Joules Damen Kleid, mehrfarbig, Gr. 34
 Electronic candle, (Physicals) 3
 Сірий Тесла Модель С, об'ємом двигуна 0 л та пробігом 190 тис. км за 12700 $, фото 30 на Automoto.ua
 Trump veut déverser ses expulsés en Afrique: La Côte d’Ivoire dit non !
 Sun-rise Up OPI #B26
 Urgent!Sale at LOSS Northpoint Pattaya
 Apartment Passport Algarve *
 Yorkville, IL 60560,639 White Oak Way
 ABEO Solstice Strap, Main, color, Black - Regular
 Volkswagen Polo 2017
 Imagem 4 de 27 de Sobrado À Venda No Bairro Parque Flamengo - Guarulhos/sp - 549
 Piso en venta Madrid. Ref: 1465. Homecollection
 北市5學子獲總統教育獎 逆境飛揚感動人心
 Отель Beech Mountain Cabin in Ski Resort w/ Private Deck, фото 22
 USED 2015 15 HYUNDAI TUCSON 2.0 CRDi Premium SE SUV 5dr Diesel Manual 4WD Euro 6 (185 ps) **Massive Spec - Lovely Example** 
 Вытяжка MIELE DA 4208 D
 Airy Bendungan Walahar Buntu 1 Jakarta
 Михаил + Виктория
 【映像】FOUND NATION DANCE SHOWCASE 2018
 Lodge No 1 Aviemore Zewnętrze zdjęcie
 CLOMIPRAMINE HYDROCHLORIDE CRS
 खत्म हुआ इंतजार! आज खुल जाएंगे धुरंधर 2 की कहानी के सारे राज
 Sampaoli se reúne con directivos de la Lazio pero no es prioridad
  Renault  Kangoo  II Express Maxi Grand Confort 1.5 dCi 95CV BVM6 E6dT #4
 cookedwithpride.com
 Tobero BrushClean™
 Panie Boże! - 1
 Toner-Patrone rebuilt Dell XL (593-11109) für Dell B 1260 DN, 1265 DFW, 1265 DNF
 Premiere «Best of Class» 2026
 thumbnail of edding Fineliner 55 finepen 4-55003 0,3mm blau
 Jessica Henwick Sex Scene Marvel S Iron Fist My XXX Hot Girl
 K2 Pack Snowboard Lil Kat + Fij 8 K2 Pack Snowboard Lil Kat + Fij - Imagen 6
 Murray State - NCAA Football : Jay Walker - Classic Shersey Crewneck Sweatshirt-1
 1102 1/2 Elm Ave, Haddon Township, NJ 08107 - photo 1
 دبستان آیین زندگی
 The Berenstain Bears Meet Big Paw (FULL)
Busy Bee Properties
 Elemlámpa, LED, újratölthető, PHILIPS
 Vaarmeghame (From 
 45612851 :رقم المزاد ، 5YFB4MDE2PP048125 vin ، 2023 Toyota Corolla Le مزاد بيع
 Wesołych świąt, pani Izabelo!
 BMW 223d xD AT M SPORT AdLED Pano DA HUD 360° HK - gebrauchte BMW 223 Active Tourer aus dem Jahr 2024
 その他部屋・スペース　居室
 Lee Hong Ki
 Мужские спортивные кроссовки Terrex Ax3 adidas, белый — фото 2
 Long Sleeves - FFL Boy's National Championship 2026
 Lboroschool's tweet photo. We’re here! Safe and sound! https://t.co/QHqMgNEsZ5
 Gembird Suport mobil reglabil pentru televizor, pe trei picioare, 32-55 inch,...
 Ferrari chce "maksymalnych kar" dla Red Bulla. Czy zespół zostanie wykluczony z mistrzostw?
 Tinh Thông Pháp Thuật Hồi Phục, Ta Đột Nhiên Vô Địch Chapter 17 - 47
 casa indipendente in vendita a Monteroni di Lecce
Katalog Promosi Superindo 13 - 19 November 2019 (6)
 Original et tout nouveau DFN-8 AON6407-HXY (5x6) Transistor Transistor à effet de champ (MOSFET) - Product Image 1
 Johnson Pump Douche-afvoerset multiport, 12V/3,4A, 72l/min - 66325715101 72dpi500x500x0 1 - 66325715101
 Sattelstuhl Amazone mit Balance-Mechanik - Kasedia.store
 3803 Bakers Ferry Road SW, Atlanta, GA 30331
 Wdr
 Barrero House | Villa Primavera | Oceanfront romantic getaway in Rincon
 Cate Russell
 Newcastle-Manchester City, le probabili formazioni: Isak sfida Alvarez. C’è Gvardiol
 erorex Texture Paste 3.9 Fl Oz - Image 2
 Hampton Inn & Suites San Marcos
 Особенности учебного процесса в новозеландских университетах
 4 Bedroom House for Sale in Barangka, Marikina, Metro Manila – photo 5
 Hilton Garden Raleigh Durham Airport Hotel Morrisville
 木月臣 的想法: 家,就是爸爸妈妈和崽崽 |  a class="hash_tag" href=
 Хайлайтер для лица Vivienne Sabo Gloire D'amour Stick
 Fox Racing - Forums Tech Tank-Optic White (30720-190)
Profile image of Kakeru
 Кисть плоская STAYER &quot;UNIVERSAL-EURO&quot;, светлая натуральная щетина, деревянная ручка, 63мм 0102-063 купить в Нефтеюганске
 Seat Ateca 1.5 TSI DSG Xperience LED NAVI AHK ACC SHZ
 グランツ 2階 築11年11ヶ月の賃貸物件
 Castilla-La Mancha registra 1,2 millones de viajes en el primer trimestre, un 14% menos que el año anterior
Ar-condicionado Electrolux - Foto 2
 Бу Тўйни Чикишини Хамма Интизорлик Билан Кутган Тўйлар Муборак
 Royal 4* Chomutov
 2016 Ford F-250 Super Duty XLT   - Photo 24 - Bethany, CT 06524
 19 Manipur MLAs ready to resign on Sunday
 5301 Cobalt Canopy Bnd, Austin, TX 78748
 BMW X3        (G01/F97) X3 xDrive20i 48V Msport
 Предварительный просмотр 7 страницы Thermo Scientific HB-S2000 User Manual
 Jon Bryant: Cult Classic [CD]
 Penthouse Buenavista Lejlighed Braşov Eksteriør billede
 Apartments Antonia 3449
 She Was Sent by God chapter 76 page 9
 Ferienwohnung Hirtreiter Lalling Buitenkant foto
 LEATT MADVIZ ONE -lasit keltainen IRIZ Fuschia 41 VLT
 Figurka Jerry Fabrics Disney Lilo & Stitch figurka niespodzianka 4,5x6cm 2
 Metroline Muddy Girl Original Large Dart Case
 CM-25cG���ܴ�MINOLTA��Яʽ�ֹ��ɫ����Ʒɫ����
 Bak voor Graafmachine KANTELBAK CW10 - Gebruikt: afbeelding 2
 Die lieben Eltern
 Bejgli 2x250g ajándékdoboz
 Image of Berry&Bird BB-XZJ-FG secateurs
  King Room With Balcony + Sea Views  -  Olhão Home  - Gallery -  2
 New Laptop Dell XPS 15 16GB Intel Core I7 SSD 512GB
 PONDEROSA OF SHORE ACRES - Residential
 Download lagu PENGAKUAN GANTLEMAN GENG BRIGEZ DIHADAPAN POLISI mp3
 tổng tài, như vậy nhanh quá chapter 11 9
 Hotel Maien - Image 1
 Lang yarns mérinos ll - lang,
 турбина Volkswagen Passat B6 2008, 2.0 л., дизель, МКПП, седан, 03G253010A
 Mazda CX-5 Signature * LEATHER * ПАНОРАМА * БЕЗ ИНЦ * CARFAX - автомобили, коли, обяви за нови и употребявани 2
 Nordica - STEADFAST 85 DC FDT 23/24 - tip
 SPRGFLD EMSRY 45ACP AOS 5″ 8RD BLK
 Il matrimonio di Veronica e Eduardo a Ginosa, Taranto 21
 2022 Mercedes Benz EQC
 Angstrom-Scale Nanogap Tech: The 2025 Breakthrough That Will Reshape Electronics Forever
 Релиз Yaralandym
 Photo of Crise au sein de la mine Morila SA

:::

Starting at the line above that contains "Urgent!Sale at LOSS Northpoint Pattaya", write out each line exactly until the line that contains "Отель Beech Mountain" has been written, and stop there.

 Urgent!Sale at LOSS Northpoint Pattaya
 Apartment Passport Algarve *
 Yorkville, IL 60560,639 White Oak Way
 ABEO Solstice Strap, Main, color, Black - Regular
 Volkswagen Polo 2017
 Imagem 4 de 27 de Sobrado À Venda No Bairro Parque Flamengo - Guarulhos/sp - 549
 Piso en venta Madrid. Ref: 1465. Homecollection
 北市5學子獲總統教育獎 逆境飛揚感動人心
 Отель Beech Mountain Cabin in Ski Resort w/ Private Deck, фото 22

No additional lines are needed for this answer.